If you choose to outsource this job to a third party, the unfortunate truth is that you won't always have control over the quality. As a general rule, the more you pay, the more you can expect – but oftentimes it's just a matter of luck. Sometimes you'll get some awesome pictures and sometimes you'll just get the minimum viable product. Unless you're lucky enough to find a professional photographer or a naturally gifted picture-taker, it's not uncommon to get stuck with some pictures that aren't stellar (but even so, they're still better than nothing).
At the very least, what you CAN do is give your photographer some basic instructions on what you're expecting to see and how they can get the best possible images for you. For that matter, feel free to send them a link to this blog post! They may just learn a thing or two about how to get better pictures for you (and every other client they serve in the future).
It isn't always easy to stand out from your competition, but when it comes to your landscape photography, this is one of your biggest opportunities to blow everyone else out of the water.

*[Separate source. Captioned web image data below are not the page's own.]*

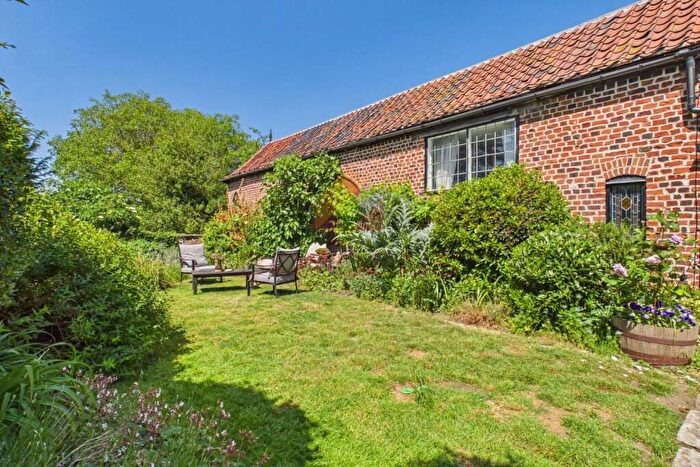 3 Bedroom Semi-Detached House For Sale In Stour Street, Sudbury, CO10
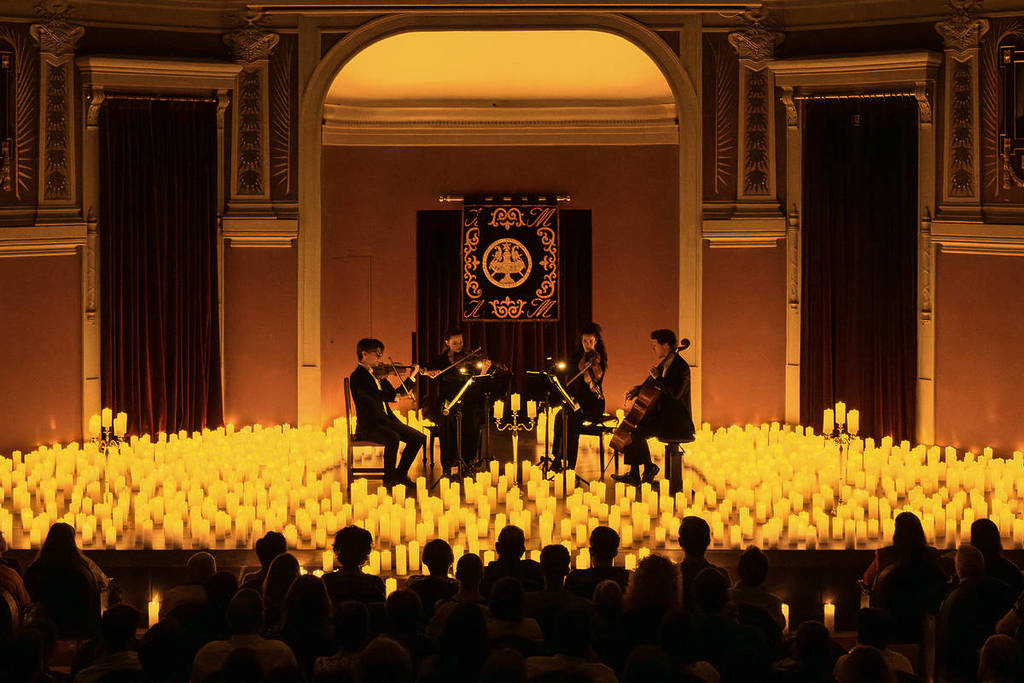 A l'intérieur de l'Ateneo de Madrid lors d'un concert aux chandelles avec un quatuor à cordes.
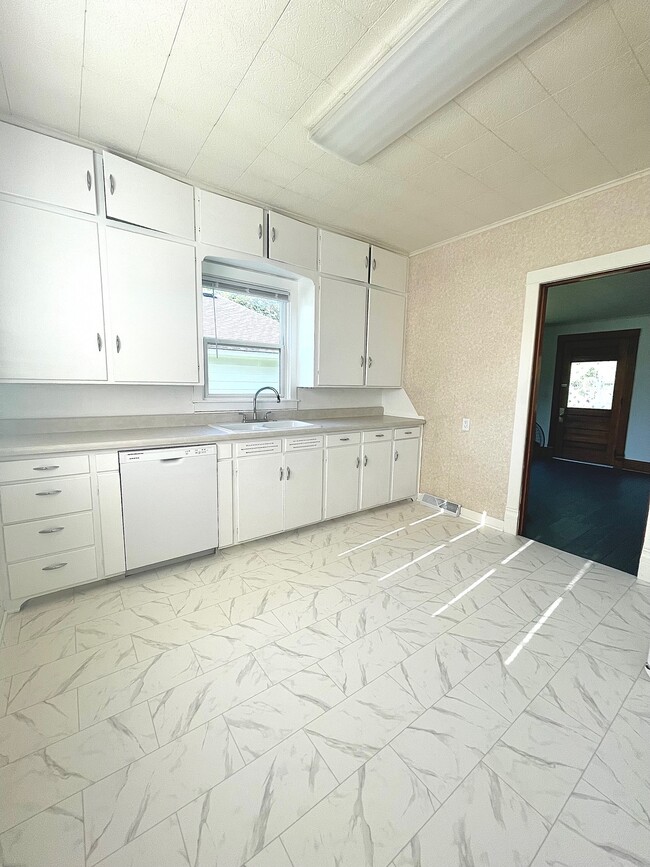 Building Photo - 1016 Duplex Unit 1 Rental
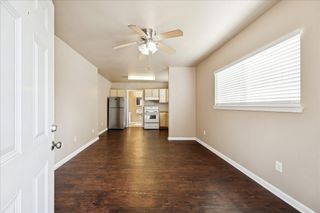 1225 W 25th Street 9, Houston, TX 77008
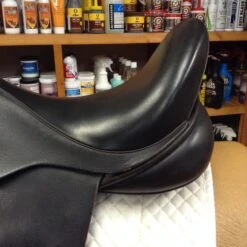Black Country Eloquence Dressage Saddle - 17.5" -Riding Apparel Store IMG 5105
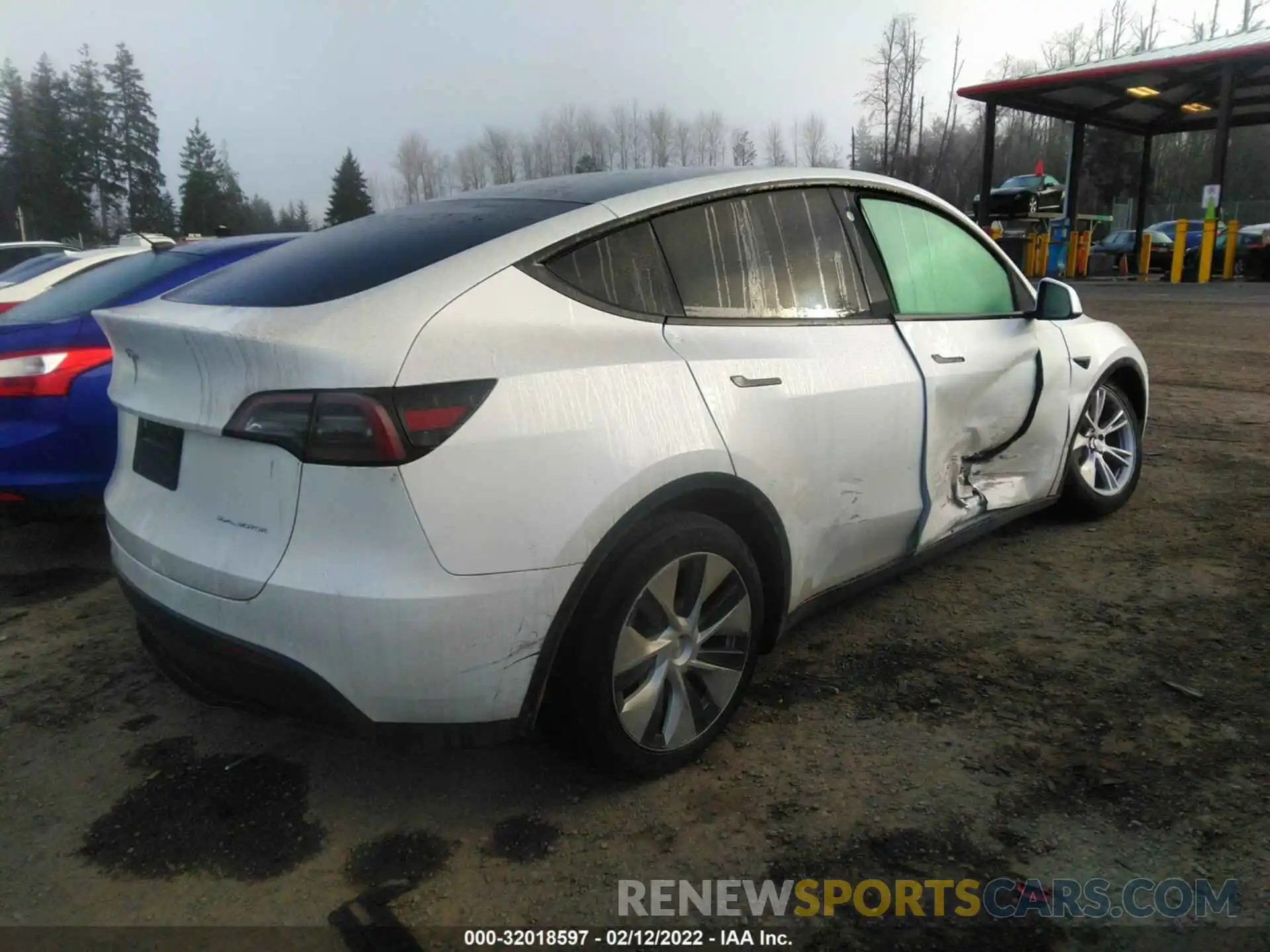 4 Photograph of a damaged car 5YJYGDEE2MF233251 TESLA MODEL Y 2021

In the end, your pictures can absolutely mean the difference between selling your property now at a higher price vs. selling your property later at a lower price.
Most people don't take their images that seriously – but if you take the time to do it right, you'll make everyone else in your market look like total amateurs when buyers see the value you're bringing to the table.
Granted, photos usually won't do ALL of the work in selling your property (if the property just isn't desirably on any level, it'll be hard to make it look amazing), but they can certainly do a huge portion of the heavy lifting for you by catching attention from buyers who otherwise wouldn't have even seen your listing in the first place.
In case it wasn't already evident by the content in this article, I'll just take a second and say this very clearly – DON'T use any stock photos in your listings.
Like this, for example:
or an even more shameless ripoff, like this…
For the most part, people aren't stupid. If they see a real estate ad filled with images that clearly aren't legit, they won't think your property is awesome – they'll just assume you're a fraud and move on.
Also, DON'T swipe any images from Google Images or Flickr and call them your own. There are serious legal issues that can come up when you try to take this kind of shortcut – so while it may seem like an easy way to get the job done, save yourself a lot of potential trouble and don't do it.
When you're running a business where properties turnover fairly quickly – it's not always easy to get good pictures of each property in a timely fashion. In many cases, there are some fairly generic images that can be used again and again, because the properties you're selling are in the same general area, with similar local landmarks and amenities and/or similar property attributes that apply to pretty much ALL of the properties within a 100-mile radius.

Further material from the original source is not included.